• _About this exercise_
From the line containing "We want to build" through the last line of the data, both ends included, write out every line exactly; omit the pictures.

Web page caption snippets
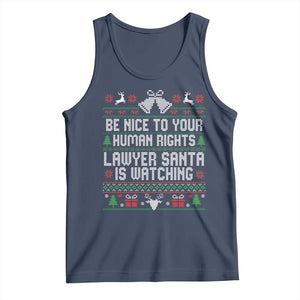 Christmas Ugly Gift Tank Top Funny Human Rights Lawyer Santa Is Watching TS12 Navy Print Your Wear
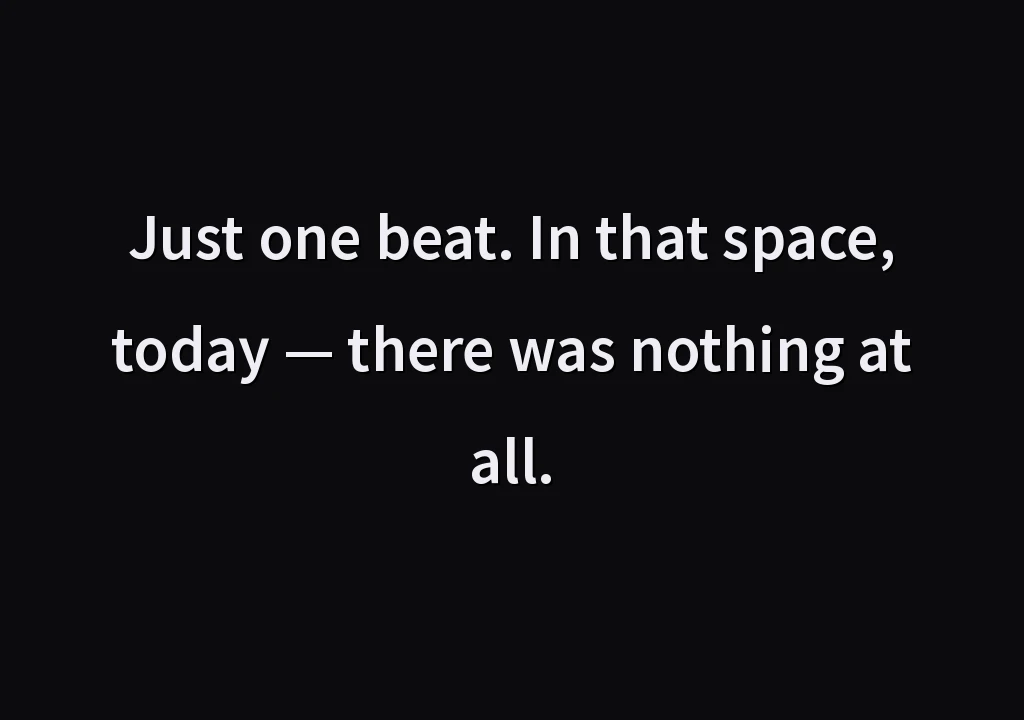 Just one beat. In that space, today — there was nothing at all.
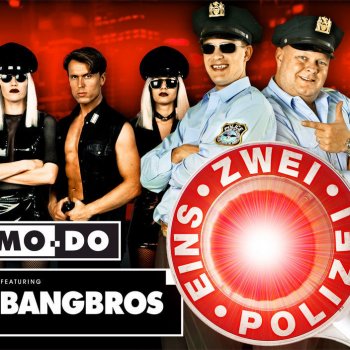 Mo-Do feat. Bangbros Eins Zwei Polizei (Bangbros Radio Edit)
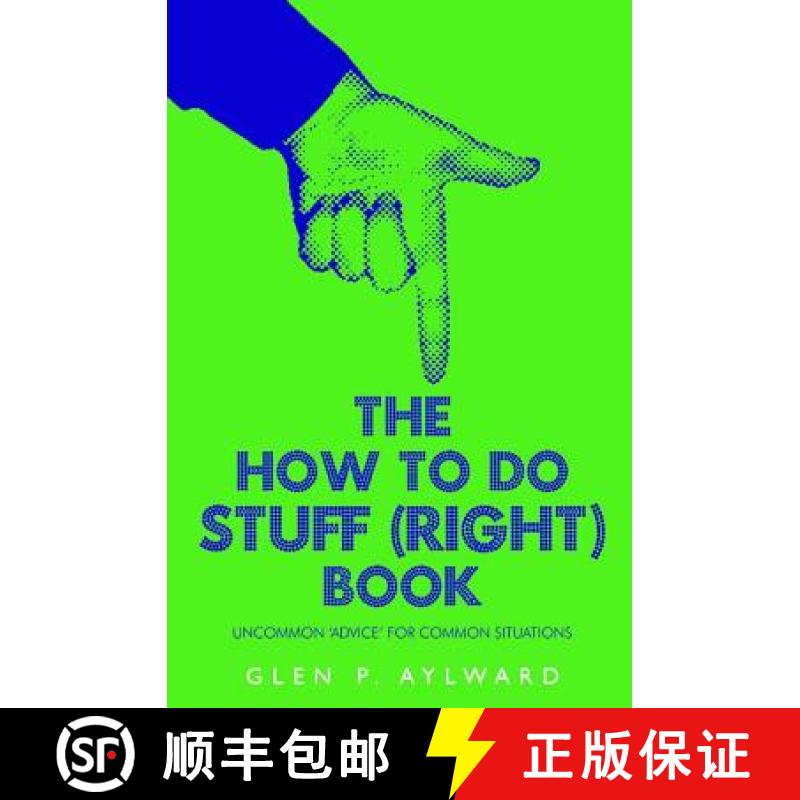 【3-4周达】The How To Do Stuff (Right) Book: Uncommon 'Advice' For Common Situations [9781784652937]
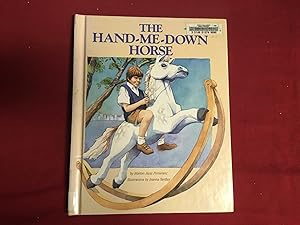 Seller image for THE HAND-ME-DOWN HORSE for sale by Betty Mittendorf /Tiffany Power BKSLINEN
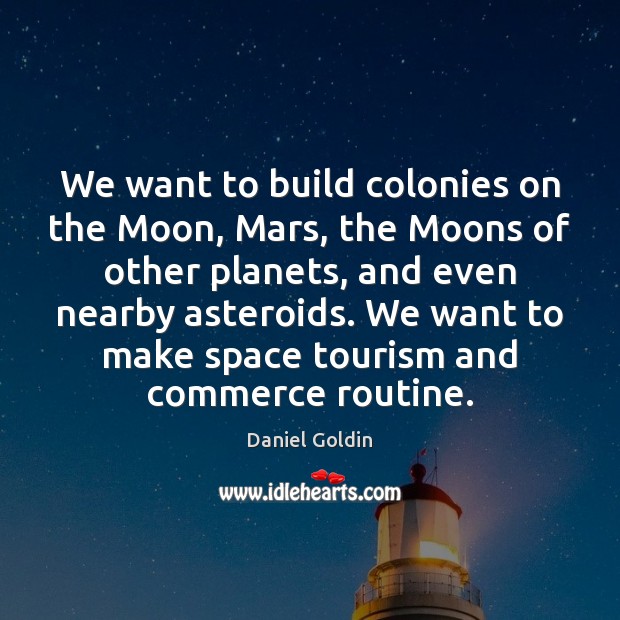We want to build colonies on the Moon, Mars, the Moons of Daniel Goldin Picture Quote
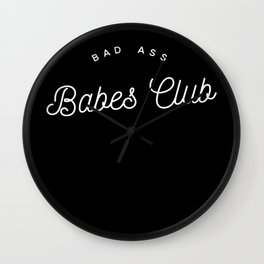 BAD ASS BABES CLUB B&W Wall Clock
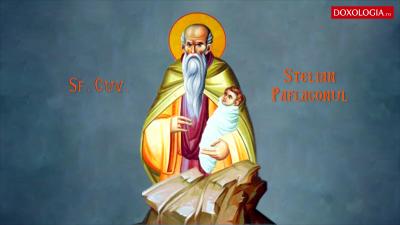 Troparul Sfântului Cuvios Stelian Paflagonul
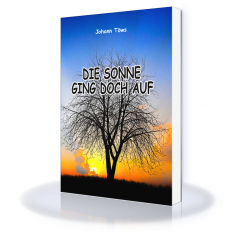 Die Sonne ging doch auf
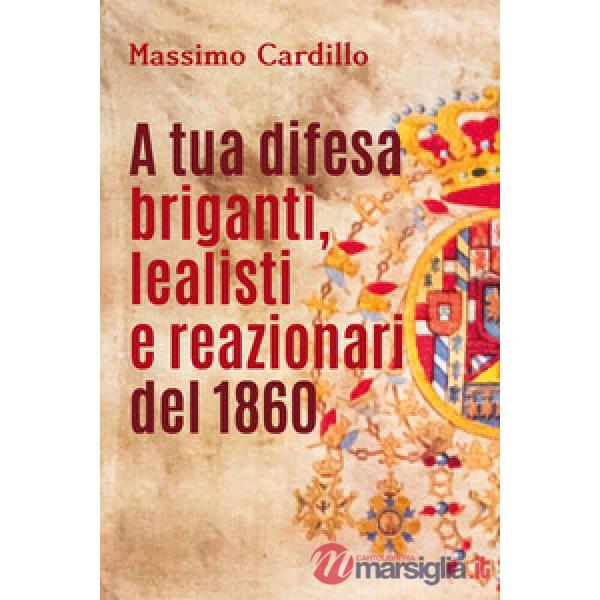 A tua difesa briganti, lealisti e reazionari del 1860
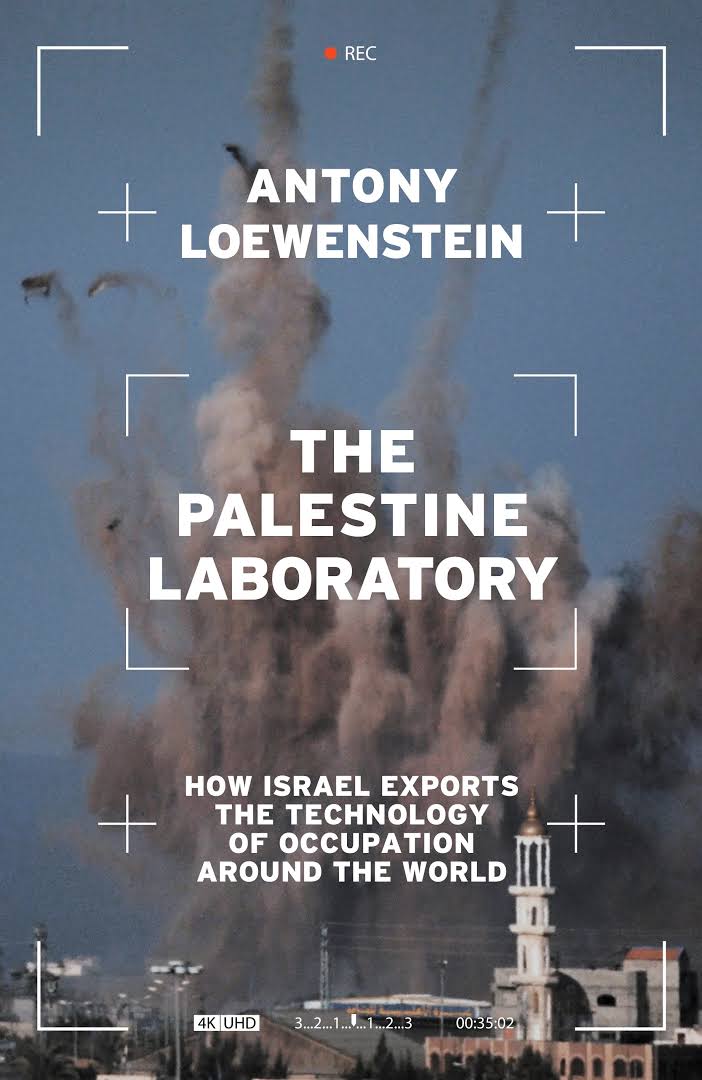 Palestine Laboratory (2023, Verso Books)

• _Exercise answer_
We want to build colonies on the Moon, Mars, the Moons of Daniel Goldin Picture Quote
 BAD ASS BABES CLUB B&W Wall Clock
 Troparul Sfântului Cuvios Stelian Paflagonul
 Die Sonne ging doch auf
 A tua difesa briganti, lealisti e reazionari del 1860
 Palestine Laboratory (2023, Verso Books)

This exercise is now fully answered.